Zudem kommt es bei manchen Tierarten im Zoo immer wieder vor, dass es überzählige Tiere gibt. Doch was bedeutet «überzählig» in diesem Zusammenhang? Bleiben wir bei den Antilopen.
Auf unserer Lewa-Savanne haben wir gleich zwei Arten, Impalas und die in der Natur leider ausgestorbenen Säbelantilopen. Für die Impalas führt der Zoo seit kurzem das Europäische Erhaltungszuchtprogramm (EEP), ist also für alle Impalas in europäischen Zoos verantwortlich. Impalas leben in Gruppen von mehreren Weibchen mit ihren Jungtieren, aber mit nur einem erwachsenen Männchen. Das heisst, auf ein Männchen kommen mehrere Weibchen.

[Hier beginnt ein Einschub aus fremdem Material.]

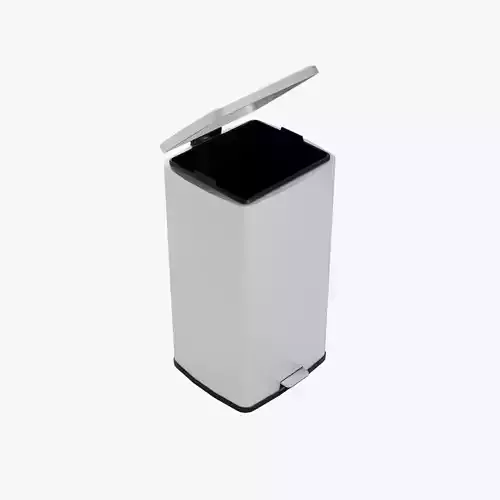 30L Stainless Steel Trash Bin - With Pedal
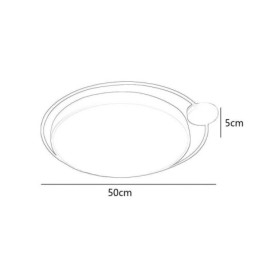 Eenvoudige stijl ronde plafondlamp van acryl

In jeder gesunden Population braucht es Neugeborene. Nur dann bleibt die Population stabil, und es gibt genügend Jungtiere, um alte, gestorbene Tiere zu ersetzen. In der Natur werden allerdings ungefähr gleich viele Männchen und Weibchen geboren, was Sinn macht. Denn Männchen, die keine Weibchengruppe für sich finden, die allein oder mit anderen Männchen leben, werden leicht zur Beute von Fressfeinden. Es braucht also viele junge Männchen, damit am Ende genügend erwachsene Männchen übrig bleiben.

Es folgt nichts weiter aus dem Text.